Linda Mercadante, a Presbyterian Church (U.S.A.) minister who teaches theology at Methodist Theological School in Ohio, has moved beyond speculation and conducted extensive research on what people mean when they say “I’m spiritual but not religious,” (SBNR).

She recently shared some of her findings, which will be published in a book “sometime,” she says, with a group of about 50 PC(USA) national staff members in Louisville. Her visit was hosted by the denomination’s Research Services office.

Referring to “SBNRs,” Mercadante freely admitted she was once one of them. “I was definitely one of those people,”  she said. “I’m a baby-boomer — I tried yoga, Transcendental Meditation, all that stuff. My mother was Catholic and my father was Jewish so I had no real religious training growing up.
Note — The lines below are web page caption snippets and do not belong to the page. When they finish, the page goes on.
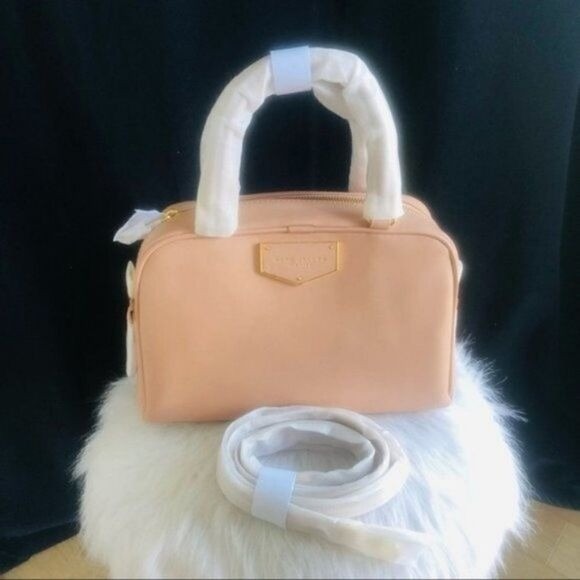 Marc Jacobs Voyager Leather Mini Satchel, Luxury Italian Leather, Pink, NWT - Picture 1 of 16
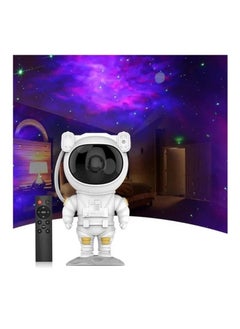 اشتري Astronaut Star Light Projector Led Night Light with Remote Control White/Blue في السعودية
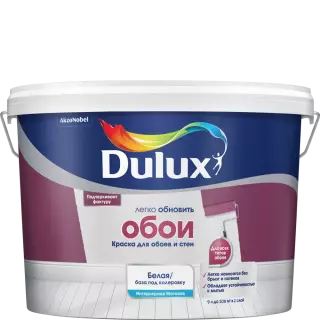 Dulux / Luxium Easy Краска для обоев и стен матовая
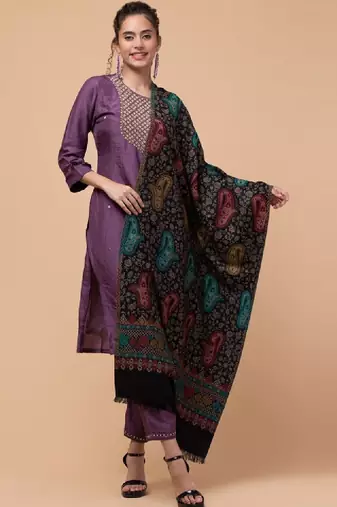 Women woven ethnic motifs design stole
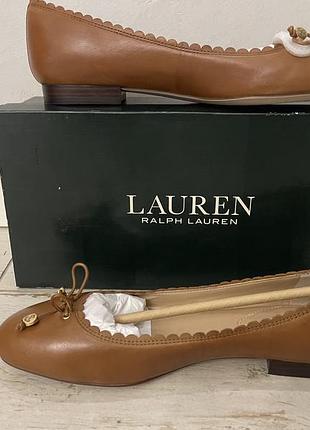 Ralph lauren giennie super soft leather. балетки из мягкой кожи р 37,5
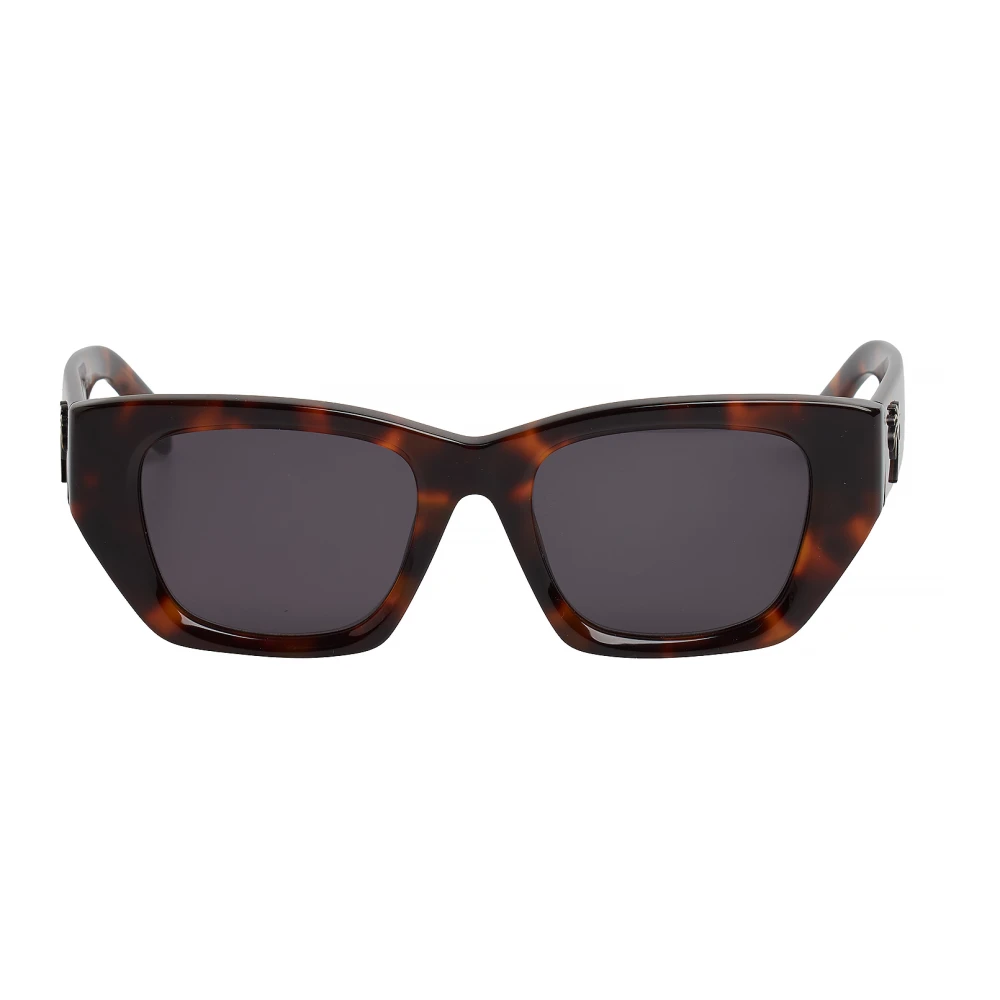 Palm Angels Women's Brown Square Cat Eye Sunglasses - Sunglasses - One Size - Accessories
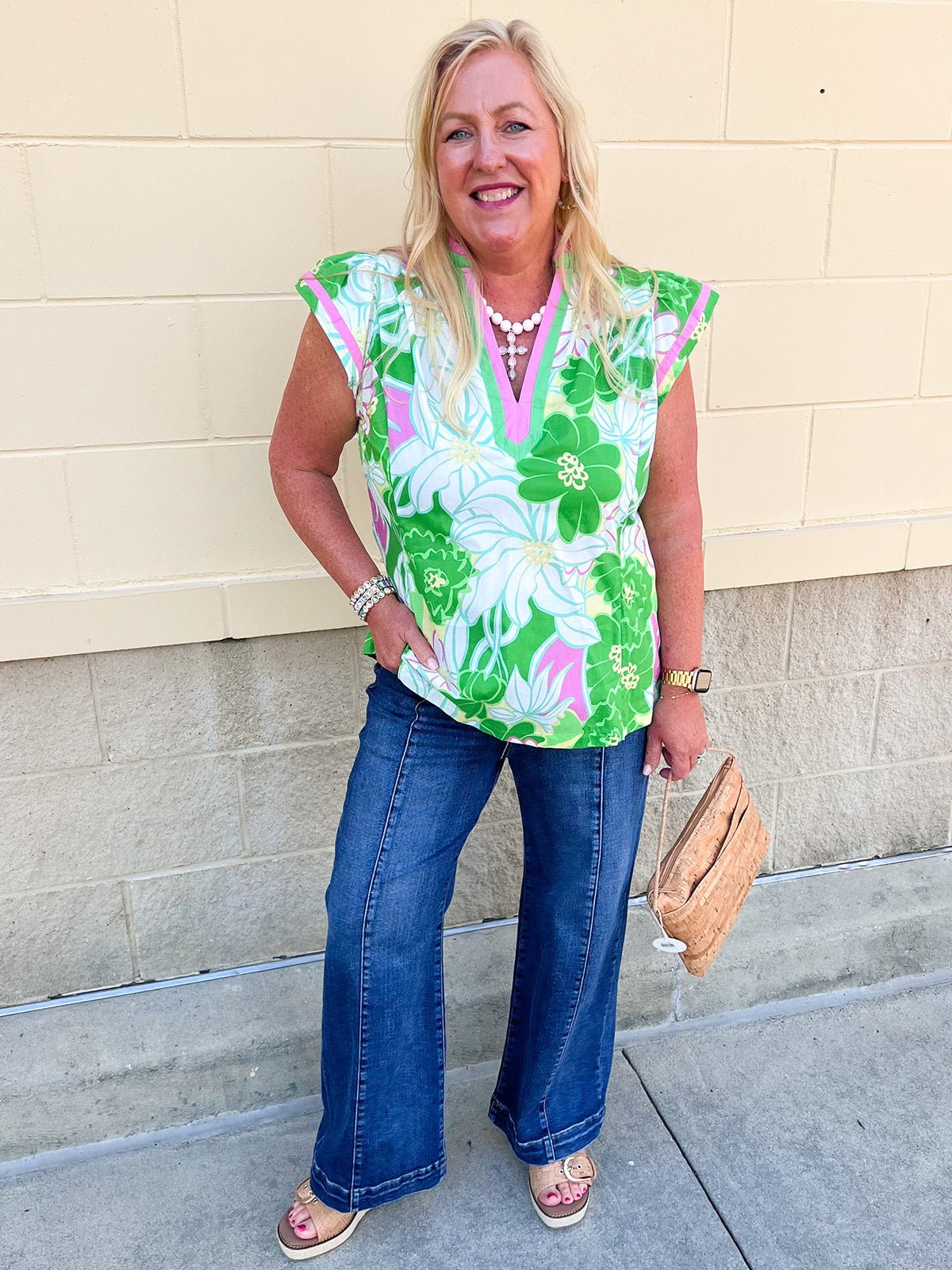 Garden Party Grace Floral Blouse - The Pink Pineapple 850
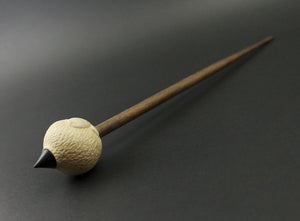 Sheep support spindle in holly and walnut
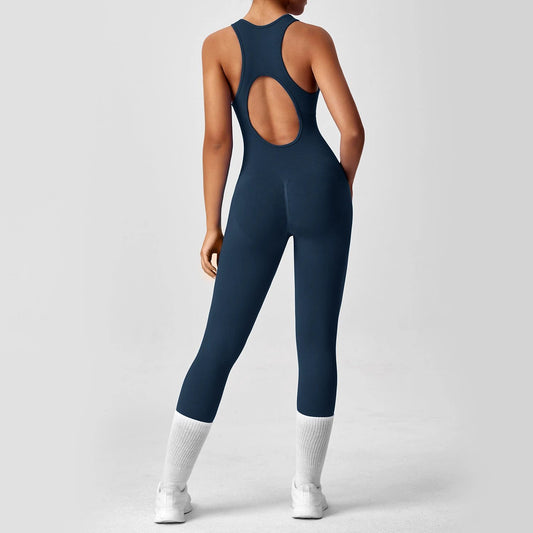 One-piece Yoga Pants Running Fitness Jumpsuit by GJG Denim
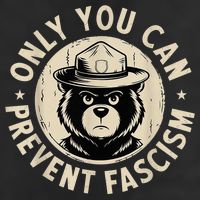 Only You Can Prevent Fascism Bear Cool Comfort Performance Bucket Hat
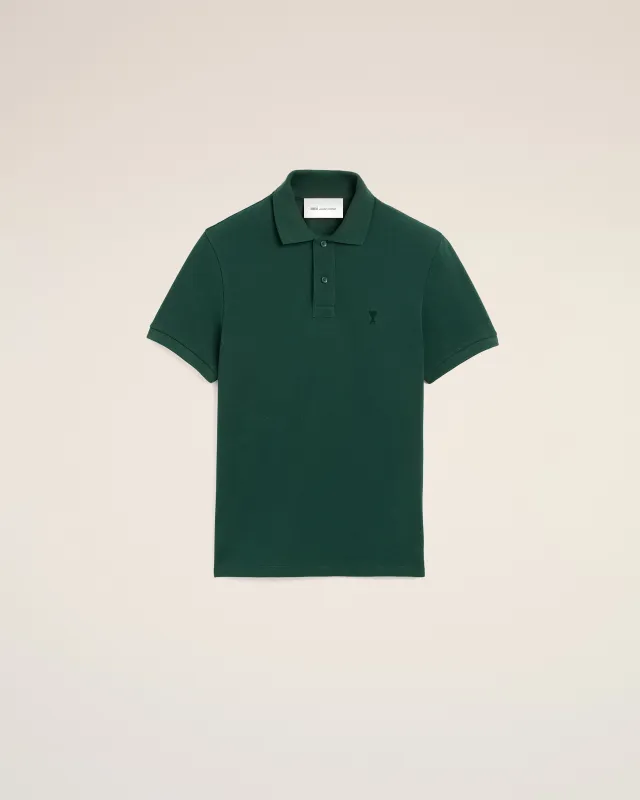 Polo vert en coton Ami de Coeur made by Ami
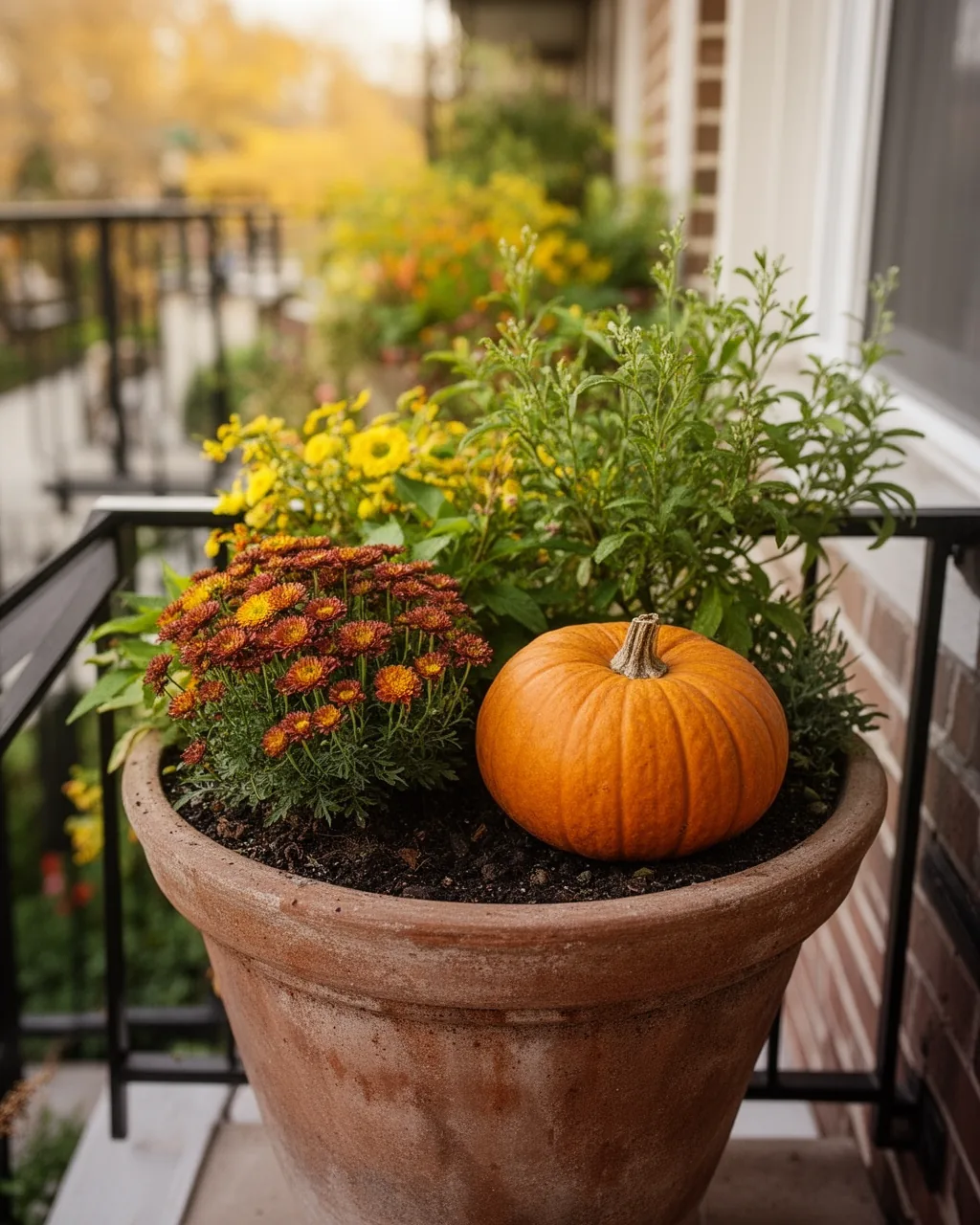 Small-space balcony planter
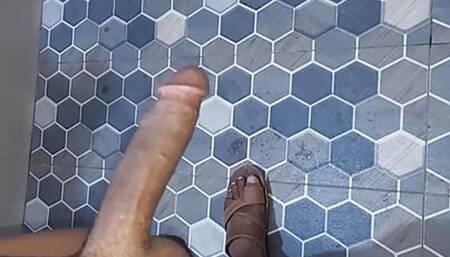 Twink Jerking and cumming out in Toilet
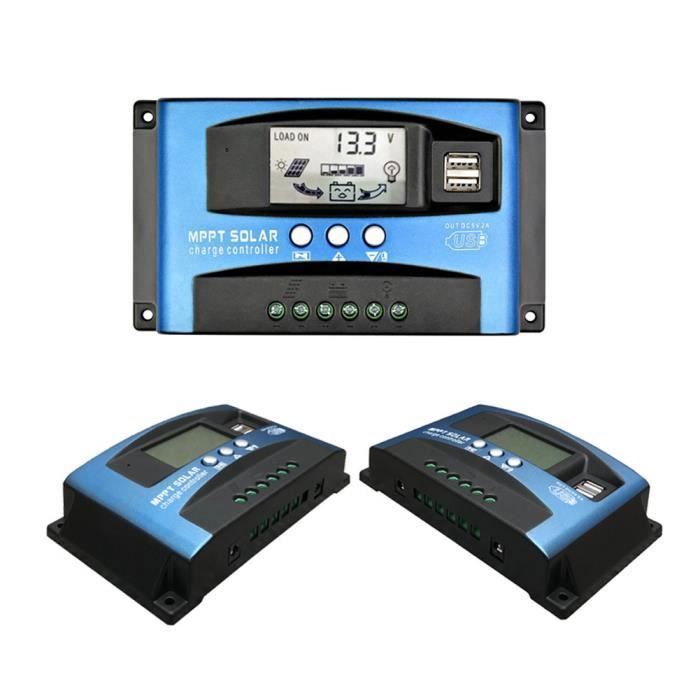 Contrôleur De Charge Solaire MPPT 60A - Écran LCD Couleur, Ports USB, Auto 12V/24V - Pour Camping-car, Villa, Bateau, Système Solaire Autonome - 11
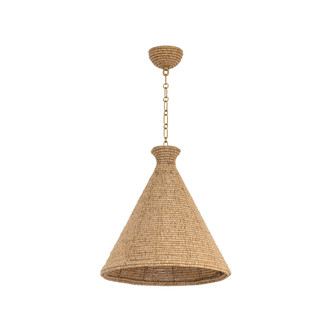 Tallman One Light Pendant in Vintage Gold Leaf (70|5020-VGL)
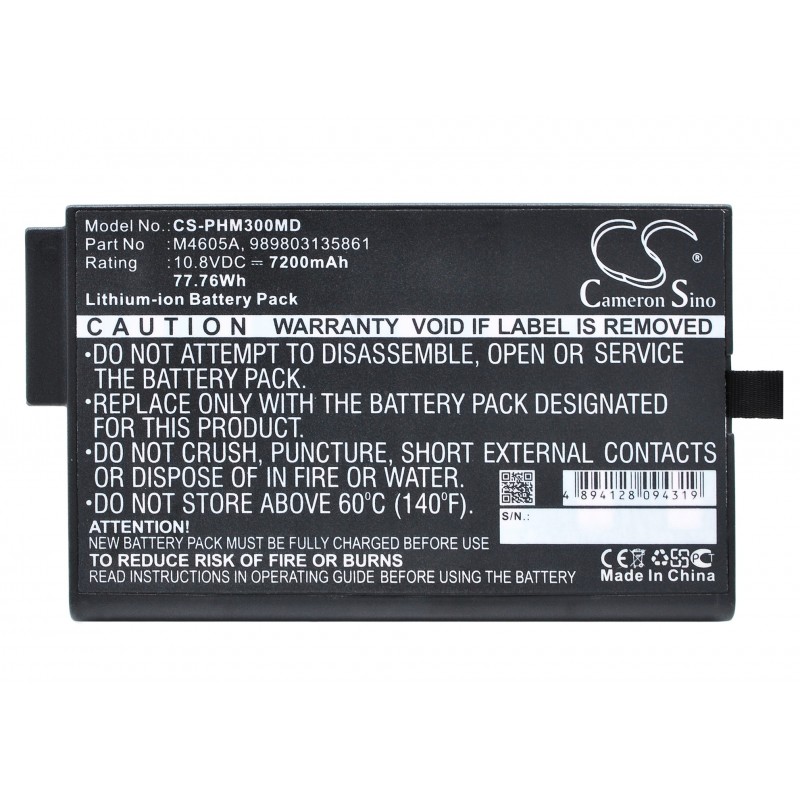 Batterie 10.8V 6AH PHILIPS MP 5/20/30/40/50 *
I went through it all — Catholicism, atheism … and finally found the PC(USA).”

Everybody knows someone who professes to be SBNR, Mercadante said, and so she has traveled around the country — Colorado, New York, Ohio, California, even to Canada — conducting 90-minute interviews with anyone who will talk to her.

The response has been overwhelming. “I spent two months in Boulder (Colorado) and there were so many volunteers I didn’t have time for them all,” she said. “There’s not just a spiritual hunger out there, but a hunger to talk about it.”

So why aren’t these spiritual but not religious people in the church?

One of the common assumptions — that many spiritual but not religious people had bad experiences in the church — is simply not true, she said. “I was surprised, but there was very minimal reporting by people that they had been hurt in or by the church.” In fact, Mercadante said, spiritual but not religious people “start in many different places but they all seem to have arrived at close to the same place.”

That place, she continued, is marked by “stereotypical arguments against organized religion and the claims of churches.” They include:

•           churches claim to “exclusive truthfulness — that they have a corner on the truth market”;

•           churches demand that personal beliefs be abdicated;

•           churches demand conformity to a “corporate mentality”;

•           joining a church means a loss of personal integrity;

•           churches demand commitment “to things that have no meaning”

•           churches demand commitment to disagreeable codes of conduct; and

•           churches profess arbitrary or implausible beliefs.

 

“I heard the same arguments over and over again,” Mercadante said of her research. “I don’t know where this script comes from — no one knows any real churches that fit this profile or stereotype.”

Another flawed assumption, Mercadante said, is that young people leave the church, typically after high school if not before, but then return to the church after they get married and have kids. “By and large, it doesn’t happen,” she said.

Another religious researcher, Robert Wuthnow,  has conducted research into sociological trends that impact church membership and participation in organized religion. They include:

•           delayed marriage (Americans are marrying at a later age, on average) and increased divorce rates;

•           fewer children born later in their parents’ lives;

•           less job security, therefore greater financial insecurity, making commitment less likely;

•           higher levels of education, which decreases “unquestioned belief”;

•           “loosening relationships,” resulting in less community involvement;

•           Globalization, producing less homogeneity and greater diversity; and

•           the “information explosion,” which creates “broader spiritual horizons and therefore looser religious identification.”

“I think it’s clear that much of the problem organized religion faces today is not really the church’s fault,” Mercadante said. “We are experiencing a massive cultural shift that is extremely hard to keep up with and the church always lags behind these shifts — too slowly, obviously, for some people.”

But the church, as it has in all ages, has the spiritual resources to meet the hunger that is always present, Mercadante concluded. “Our challenge is to bring all the church has to offer into this milieu and break the stereotypes that keep people away.”